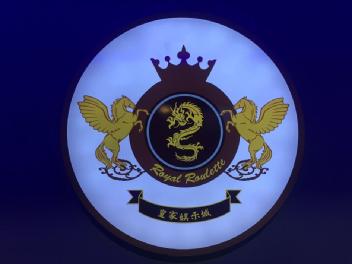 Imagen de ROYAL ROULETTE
:::::
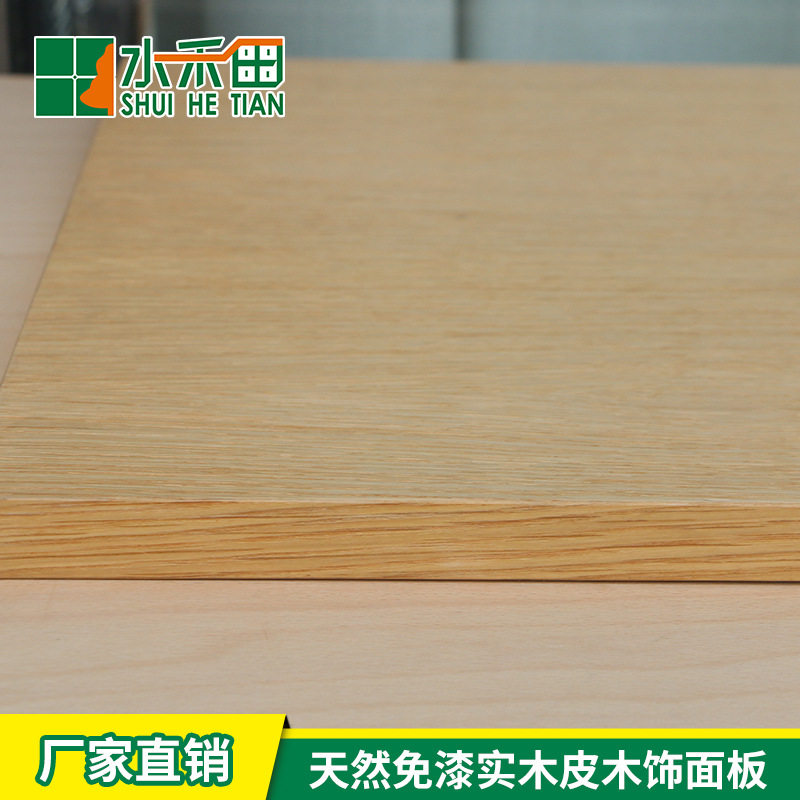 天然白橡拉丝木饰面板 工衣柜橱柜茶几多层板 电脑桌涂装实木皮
:::::
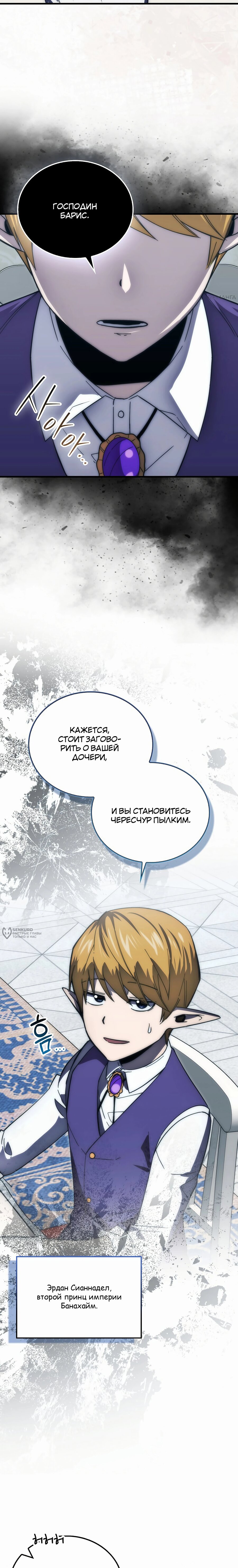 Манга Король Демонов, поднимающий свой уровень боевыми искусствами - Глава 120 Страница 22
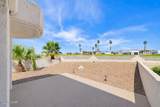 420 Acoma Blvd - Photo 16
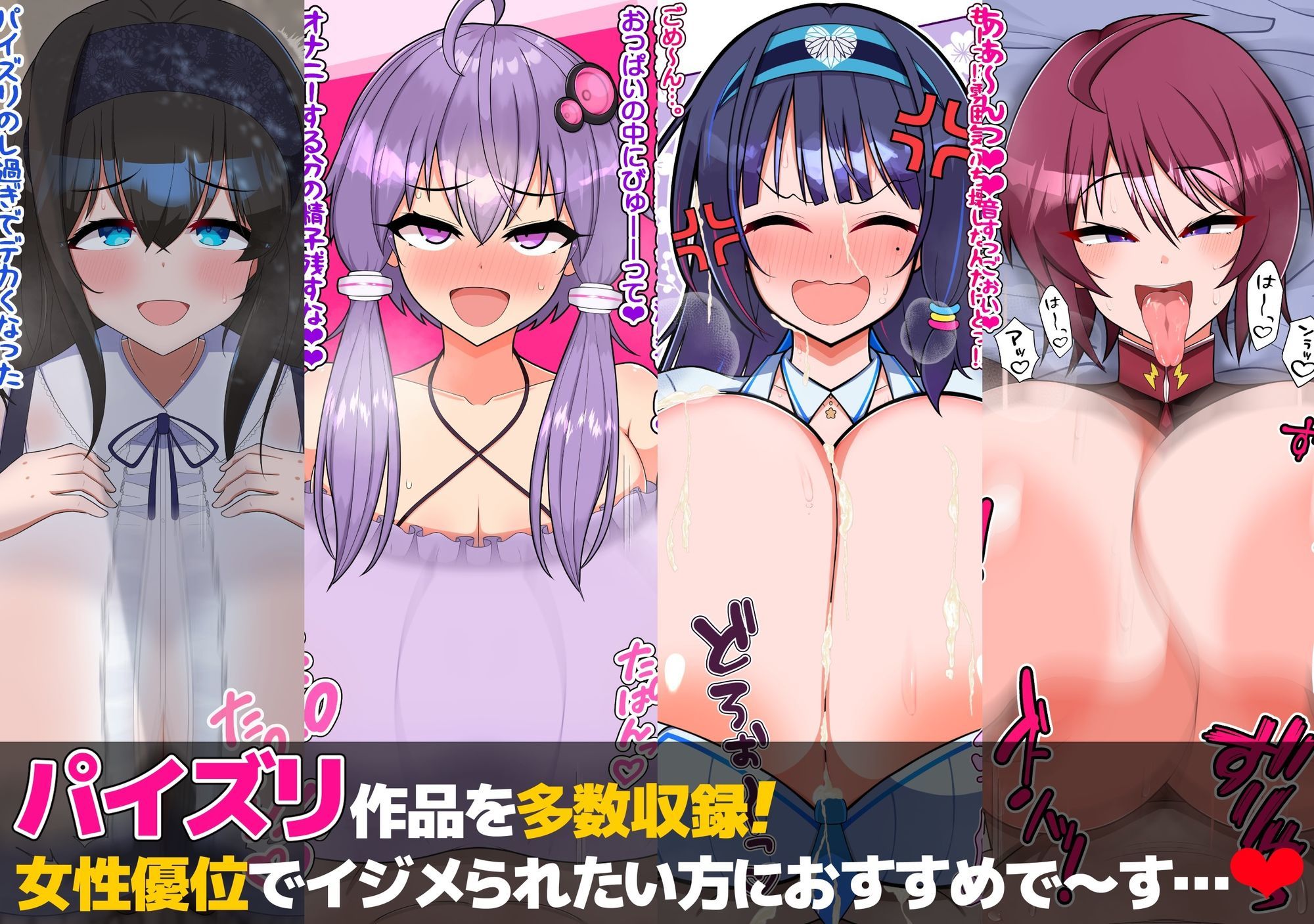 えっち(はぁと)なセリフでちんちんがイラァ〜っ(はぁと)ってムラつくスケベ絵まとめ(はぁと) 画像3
:::::
## AIM OF THE TASK
Pictures are to be left out. Write out only the lines above starting at the one with "420 Acoma Blvd - Photo 16" and ending at the one with "えっち(はぁと)なセリフでち", both lines included, exactly.

## TASK SOLUTION
 420 Acoma Blvd - Photo 16
 えっち(はぁと)なセリフでちんちんがイラァ〜っ(はぁと)ってムラつくスケベ絵まとめ(はぁと) 画像3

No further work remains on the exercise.